YOUR OBJECTIVE - Please copy exactly the lines from the one containing "Tracer Products 5" to the end of the entries, both included, and nothing else. Omit every picture.

SUPPLIED RECORDS -
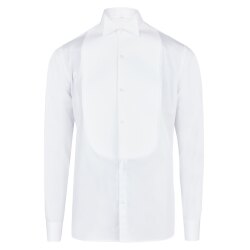 Wilvorst CLASSICs Herren Frack-Hemd Classic-Fit Weiß
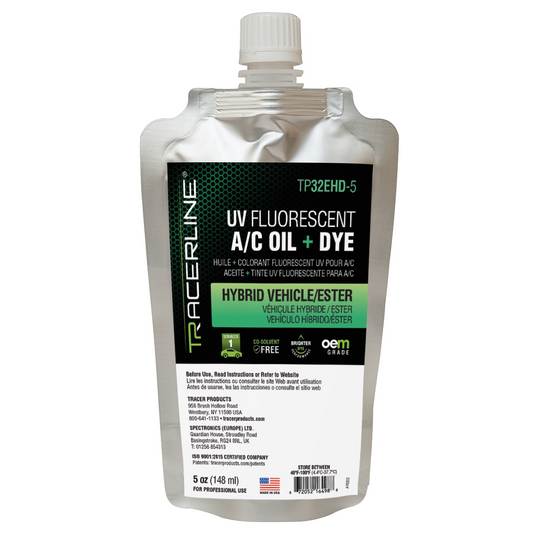 Tracer Products 5 oz (148 ml) foil pouch hybrid/ester dyed oil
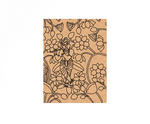 MDF DIY wall art with black floral and geometric pattern on a white background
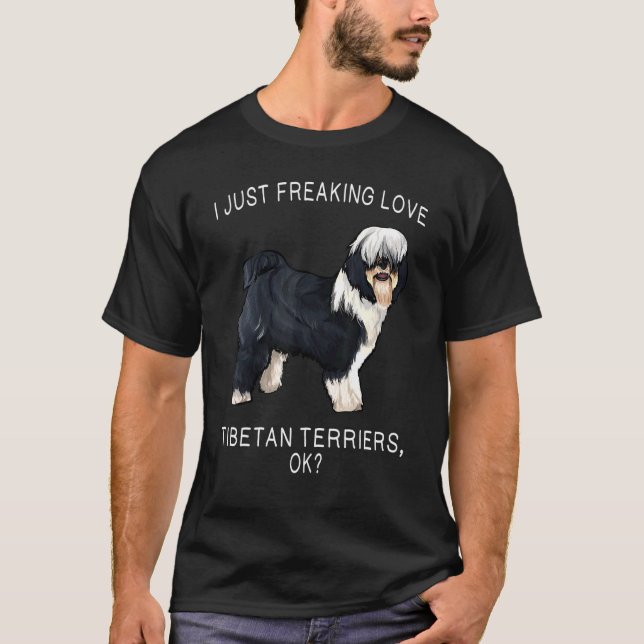 Camiseta Eu Só Amo Tibetano, Terrier Ok Cão (Frente)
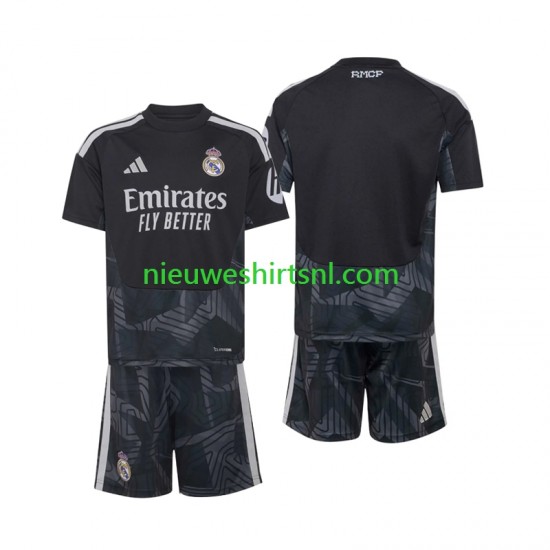 Real Madrid Kind Shirt met Bedrukking Doelman Thuis 2026-2027 Korte Mouw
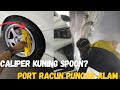 Spray Caliper Baru | Port Racun Puncak Alam | Kuning Spoon Paling Smart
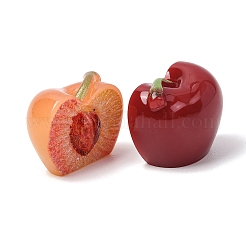 Opaque Resin Imitation Fruit Cabochons&nbsp;CRES-B038-03B
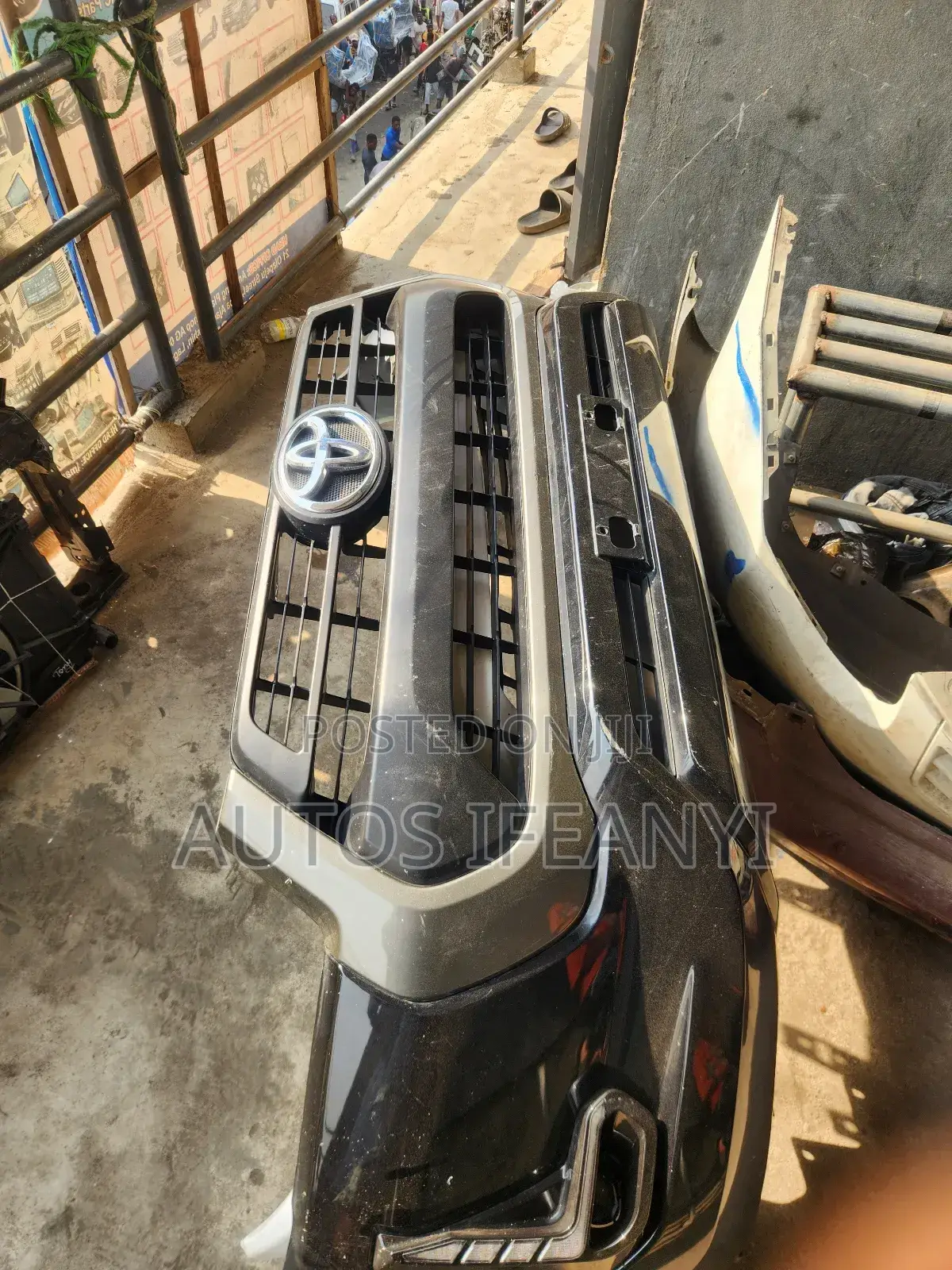Complete Front Bumper for Toyota Hilux 2020 Available Dm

REPLY TO THE EXERCISE -
 Tracer Products 5 oz (148 ml) foil pouch hybrid/ester dyed oil
 MDF DIY wall art with black floral and geometric pattern on a white background
 Camiseta Eu Só Amo Tibetano, Terrier Ok Cão (Frente)
 Real Madrid Kind Shirt met Bedrukking Doelman Thuis 2026-2027 Korte Mouw
 Spray Caliper Baru | Port Racun Puncak Alam | Kuning Spoon Paling Smart
 Opaque Resin Imitation Fruit Cabochons&nbsp;CRES-B038-03B
Complete Front Bumper for Toyota Hilux 2020 Available Dm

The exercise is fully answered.